Ruth Roman in Lightning Strikes Twice (1951)
West German postcard by Kunst und Bild, Berlin, no. A 429. Photo: R.K.O. Ruth Roman in Lightning Strikes Twice (King Vidor, 1951).

Gina Lollobrigida
Spanish postcard by Ed. Raker, Barcelona. Gina Lollobrigida in Solomon and Sheba (King Vidor, 1959).

The American director with the longest directing career


At the beginning of the 1960s, King Vidor largely retired from the screen and began teaching film theory at UCLA. He had already published his autobiography 'A Tree is a Tree' in 1953. In 1964, he won a special prize at the Edinburgh Film Festival. In 1979, he was finally awarded an honorary Oscar for his complete works, having been nominated five times for an Oscar himself. In the same year, he also released the documentary The Metaphor, which was his last directorial work.

In old age, he wrote the screenplay 'The Actor', inspired by the life of James Murray, the lead actor in The Crowd (King Vidor, 1928), whose alcoholism ruined his promising career and led to his early death. Robert De Niro and Ryan O'Neal were interested in the lead role, but Vidor was no longer able to realise the film. He last appeared in front of the camera for the comedy Love & Money (James Toback, 1981) and received much praise for his supporting role as the senile grandfather.

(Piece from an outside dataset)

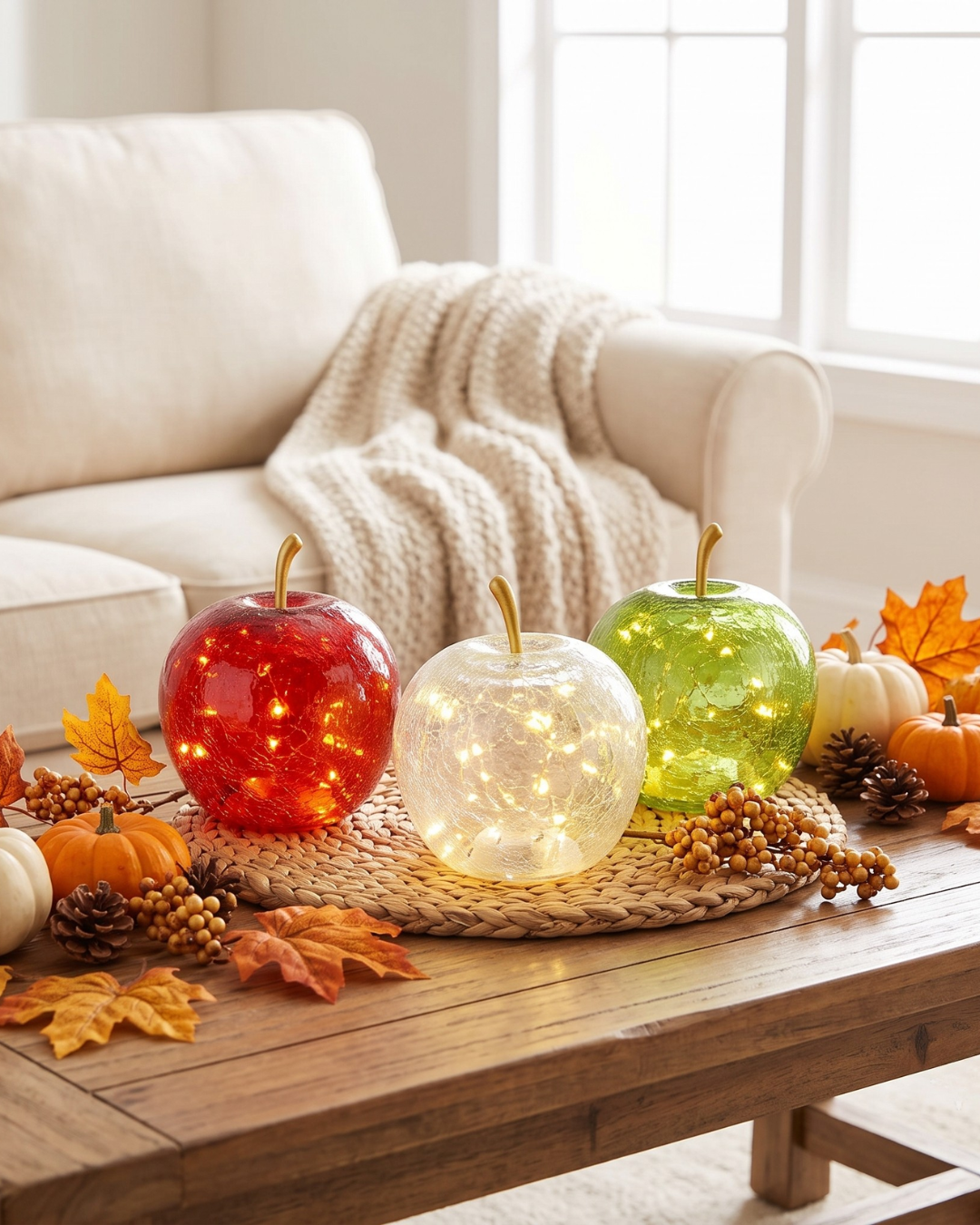 LED Light Up Glass Apple | Decorative Glass Apple with LED Lights - GREEN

Vidor was married three times and worked together professionally with all three wives. He made numerous films with Florence Vidor during their marriage from 1915 to 1924. Their child Suzanne (1918-2003) was later adopted by Florence's new husband Jascha Heifetz. Vidor was married to actress Eleanor Boardman from 1926 to 1931; their daughters were Antonia (1927-2012) and Belinda (1930). Boardman played the female lead in The Crowd, among others. The later custody disputes over the two daughters were to accompany Vidor for a good two decades.

In 1932, he married Elizabeth Hill, who worked as a screenwriter on some of his films and with whom he remained together until her death in 1978. Vidor devoted the last 25 years of his life to painting. King Vidor died of heart disease at his ranch in Paso de Robles, California, in 1982 at the age of 88. After his death his ashes were scattered on the grounds of his ranch.

King Vidor's career as a director spanned a total of 67 years from 1913 to 1980, which even earned him an entry in the Guinness Book of Records as the American director with the longest directing career. Critics find it difficult to discern a clearly recognisable style in Vidor's work: He frequently oscillated between his own dream projects and routine productions for the major Hollywood studios. Like many Hollywood directors of his time, he directed films from almost all genres, but he was also an experimental director who sought a certain narrative style based on the subject matter and not the other way round.